I only intend to share the more relevant tidbits, the ones that have insight or perspective that is worth sharing. So, consider this a Rewind back to a more innocent time, a younger me, hopefully with some new insight and wisdom.
January 11, 2004
So, this year I am in the process of completing my master’s degree in public policy. As one of the requirements, I am taking a class that teaches us how to discern the bullshit from the real good policy information. While I believe this class should be absolutely essential to anyone who wishes to engage in public policy, it is interesting how many students in the class couldn’t be less interested.
Most of the students in the class need to wake up and inform themselves. Many of them have lived out their public lives under the impression that their view of the world is the right one–the only valid viewpoint. Most of them have entered public policy with the intention of conforming the world to their version of reality, not adapting the world to match the lived reality of others.

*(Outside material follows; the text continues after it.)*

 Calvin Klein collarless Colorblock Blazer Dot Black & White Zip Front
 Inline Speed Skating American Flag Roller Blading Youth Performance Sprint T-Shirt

Most of them lack vision of any depth and even worse many of them will one day wield power and will become the rule-makers. They will have ignorance in their arsenals and hatred at their sides. So how can a class teach them to become enlightened individuals? Most of them reject the very notion of reason and instead cling to some far off belief system that has no basis in fact. Most of them live in this second level of reality which is only one step above pure ignorance. They can rattle off statistics to bolster their cause, but they have yet to answer whether it is a cause worth fighting for. We’ll see what this quarter brings.
Which brings me to another question–if someday I am to become a policymaker and shaker, how should I incorporate my knowledge and love of counter-culture in my policy considerations?
Where I am 15 years later
It’s jarring to think of where we are now. Where we are with “fake news” and climate change. Where are with what counts as leadership and what counts as outrage. Too many of us have been trying to make the world conform to our personal point of view, instead of taking the opportunity to see how the world is (or isn’t) working for others. Seeing what makes them successful, what stands in their way.
I have always felt out of place in the world. I don’t see things the way that others do, nor am I eager to learn how things have always been done. When I see the world not working for people of color, for survivors of trauma, for members of the LGBTQ+ community, for immigrants and educators, for public servants and nonproits…I feel justified in my resistence to conformity. When I see people bend public policy to suit their will, instead of creating it to be responsive to the needs of the people served, then I know it’s just an exercise of ego.
But ego is killing us right now. Our pursuit of the temporary glories of soundbites and ,ikes carry far greater consequences than we allow ourselves to imagine. We focus so much on the micro that we’re never questioning the macro. What is worth our time and attention, our collective consequence and action?